[Entries supplied — start]
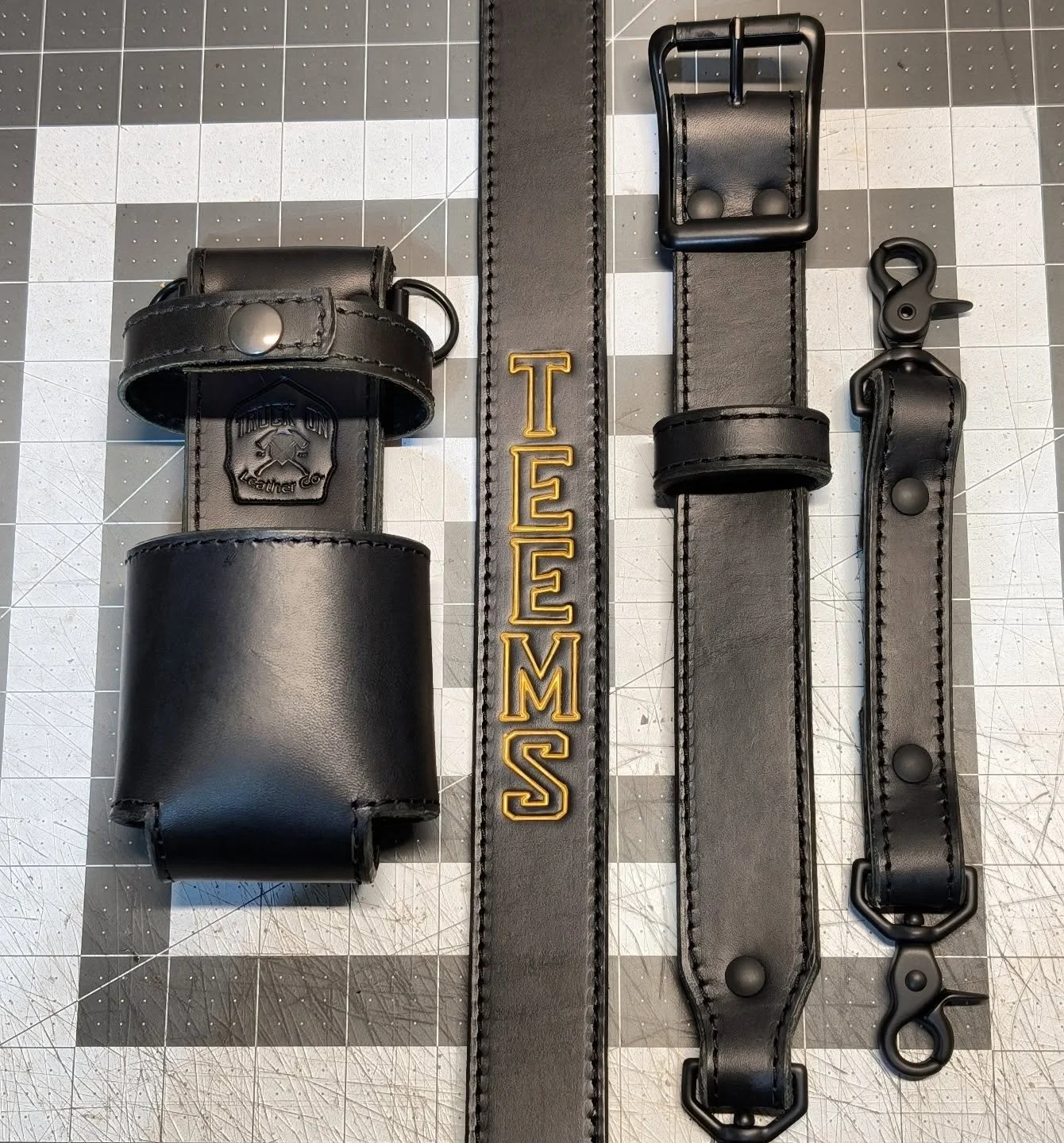 Blacked out strap with a little flash of Gold! 

----Project Info----
Leather color: Black
Stitching: Black
Hardware: Black
Stamps: TOLC
.
.
.
#TruckOn #Jawbtown #radiostrap #glovestrap #leathersmith #fireleather #suspenders #helmetband #leathercraft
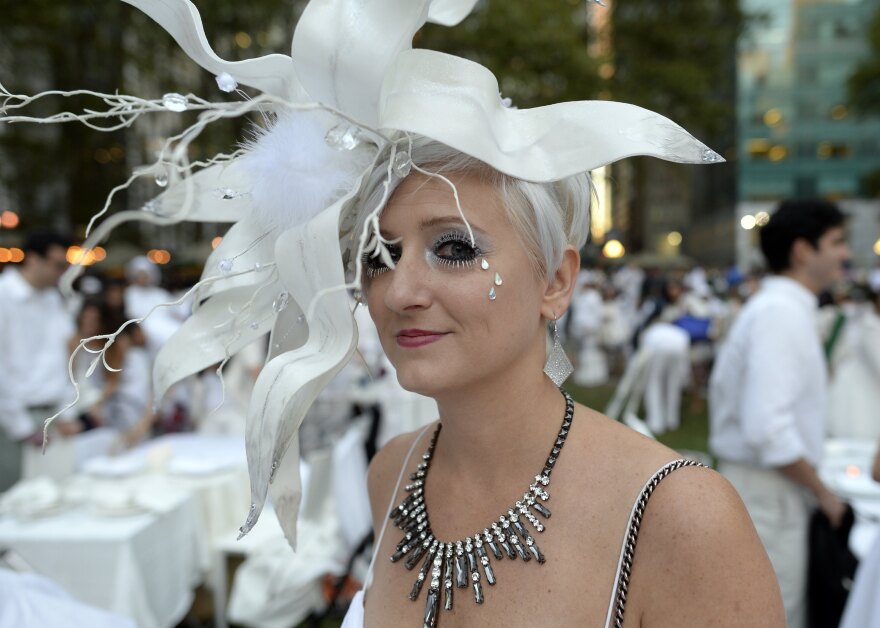 Many guests see Diner en Blanc as an occasion to unleash their fashion whimsy. The event is always held outdoors, always at a landmark location revealed at the last-minute. Here, a guest at the Bryant Park event last week.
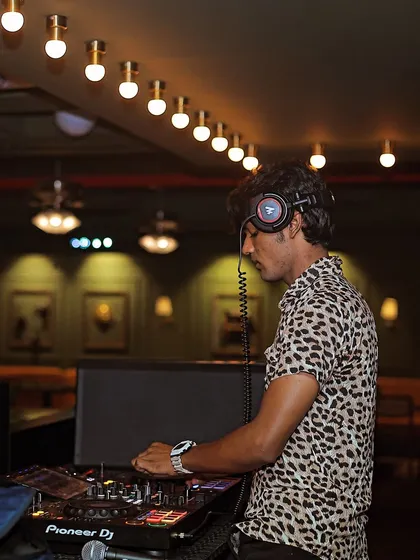A side profile of me at the decks, with the warm club lighting in the background.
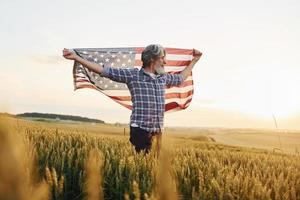 usa-flagge in den händen halten. patriotischer älterer stilvoller mann mit grauem haar und bart auf dem landwirtschaftlichen feld foto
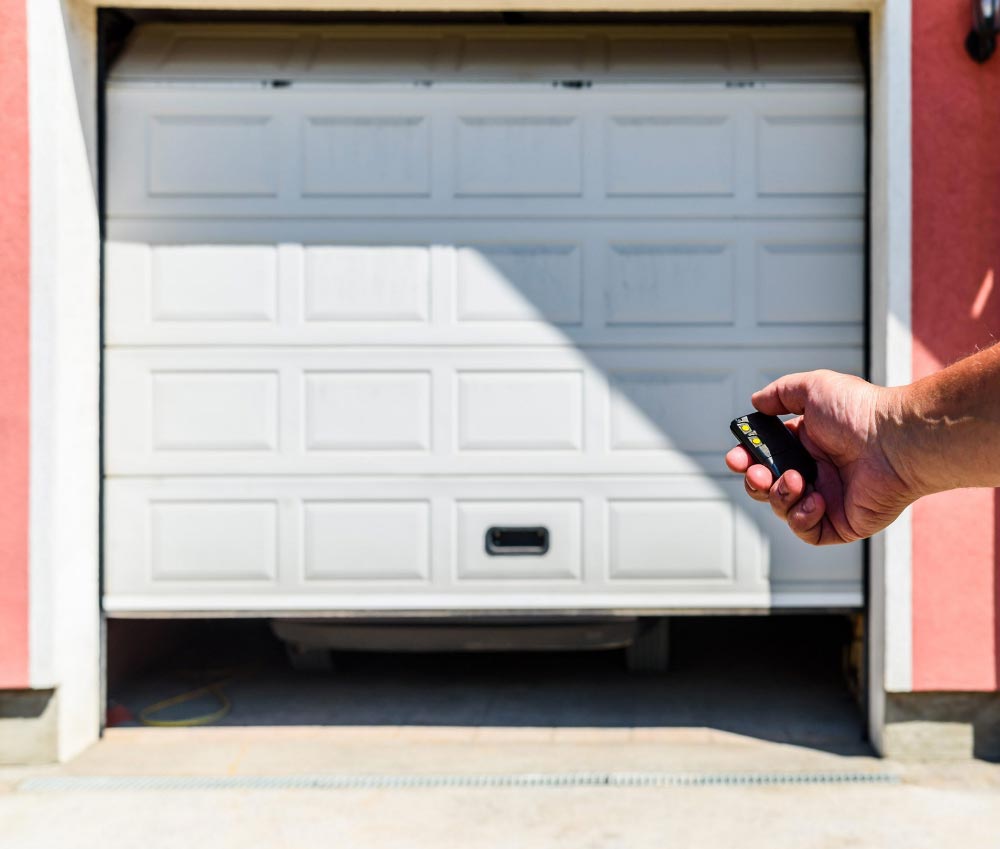 a person is holding a remote control in front of a garage door .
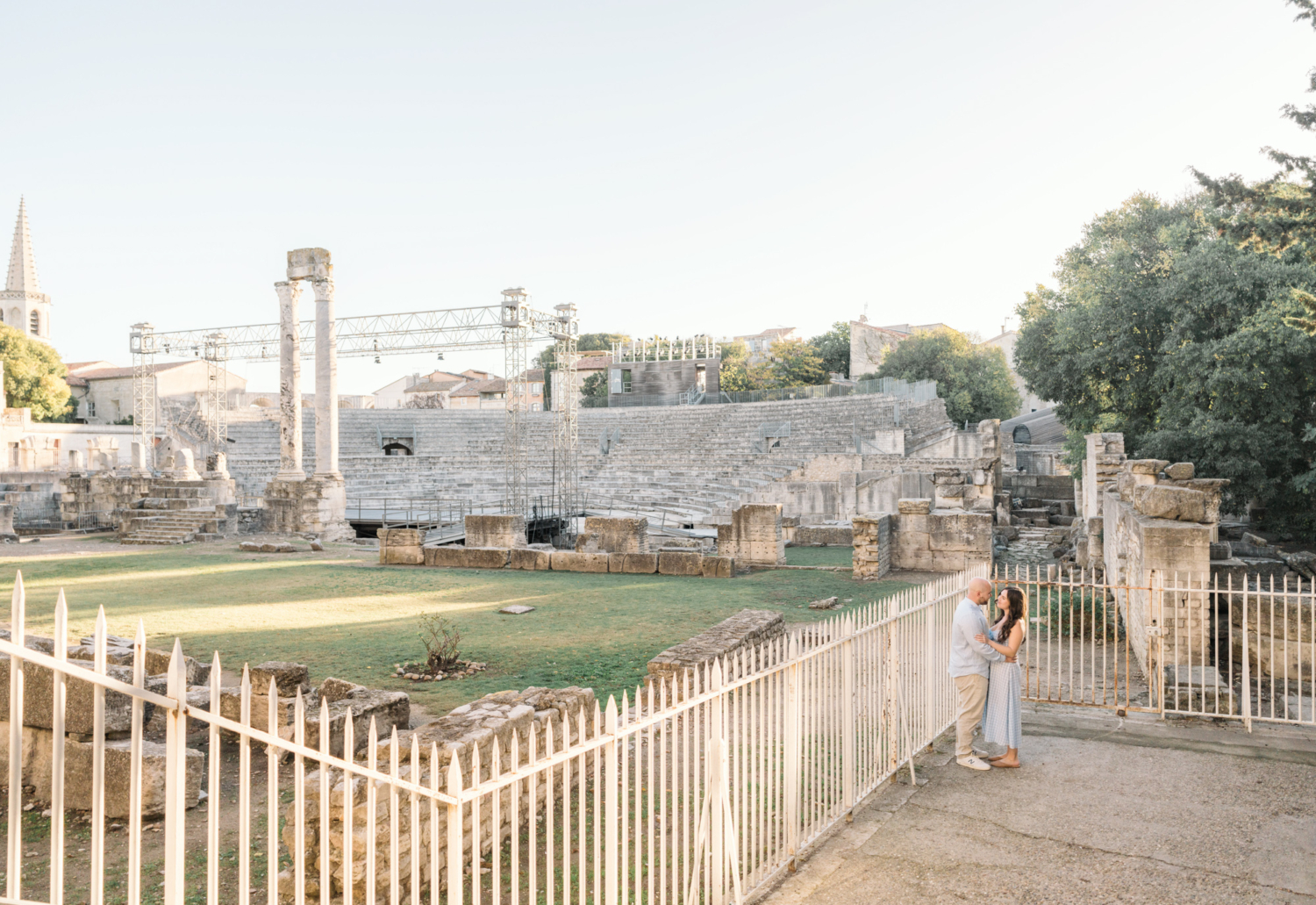 engaged couple embracing outside roman theater in arles france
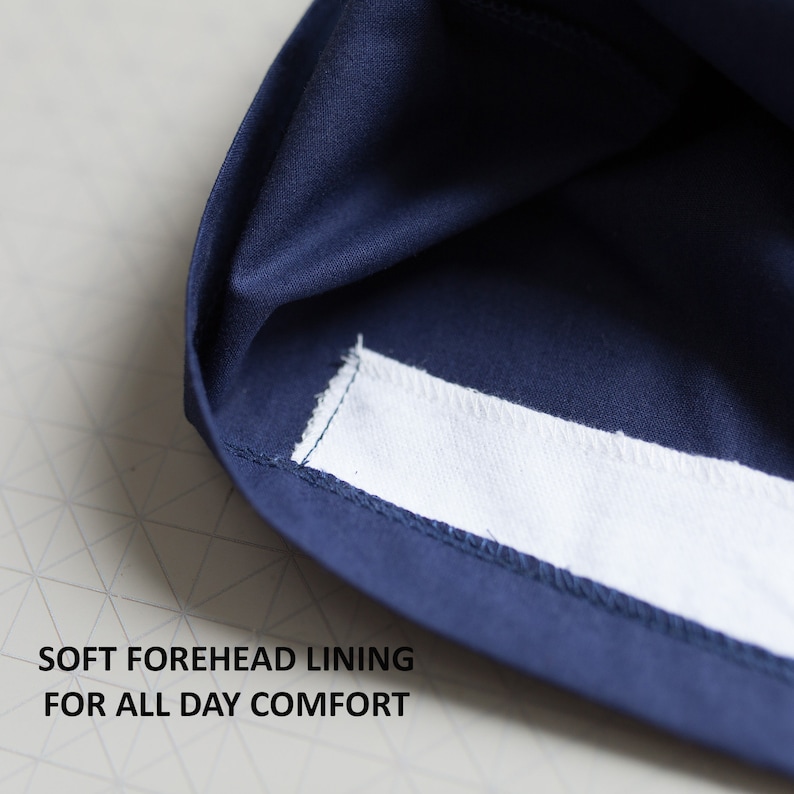 K&ouml;nnte beinhalten: Nahaufnahme des Innenraums eines marineblauen Hutes, der eine wei&szlig;e Stoffauskleidung zeigt. Der Text "SOFT FOREHEAD LINING FOR ALL DAY COMFORT" ist unter dem Hut aufgedruckt.
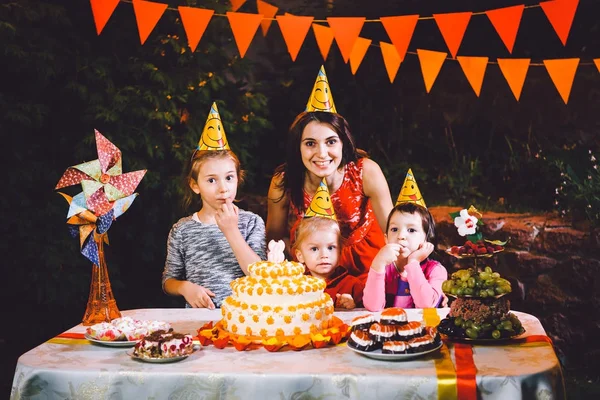 En stor mor och tre barn på en festlig bord med godis och en tårta i gården inredda med ljus och en krans av lampor. Begreppet en familj barns födelsedagsfest — Stockfoto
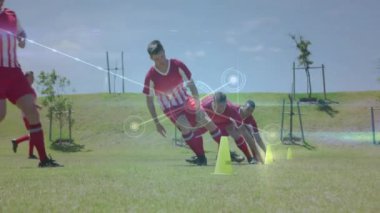 Futbol oyuncuları koni ile antrenman yapıyor, saha üzerinden ağ bağlantıları kuruyor. Futbol, egzersiz, takım çalışması, dijital, teknoloji, bağlantı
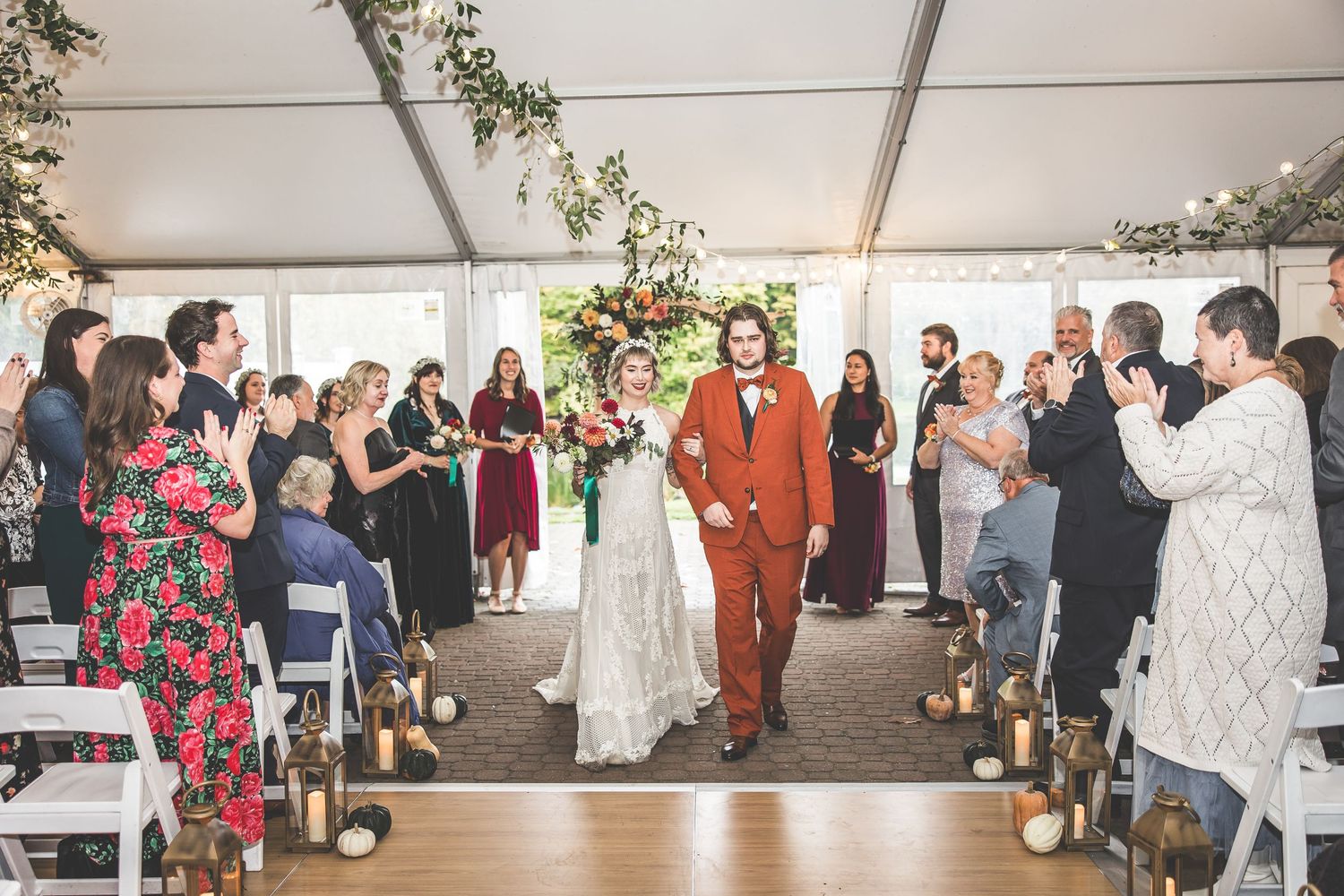 Wedding reception in tent venue with string lights and floral decor.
[Entries supplied — finish]
● Required action:
Copy word for word each line of the data above, from the first through the one containing "engaged couple embracing", and include no pictures.

● Output of the task:
 Blacked out strap with a little flash of Gold! 

----Project Info----
Leather color: Black
Stitching: Black
Hardware: Black
Stamps: TOLC
.
.
.
#TruckOn #Jawbtown #radiostrap #glovestrap #leathersmith #fireleather #suspenders #helmetband #leathercraft
 Many guests see Diner en Blanc as an occasion to unleash their fashion whimsy. The event is always held outdoors, always at a landmark location revealed at the last-minute. Here, a guest at the Bryant Park event last week.
A side profile of me at the decks, with the warm club lighting in the background.
 usa-flagge in den händen halten. patriotischer älterer stilvoller mann mit grauem haar und bart auf dem landwirtschaftlichen feld foto
 a person is holding a remote control in front of a garage door .
 engaged couple embracing outside roman theater in arles france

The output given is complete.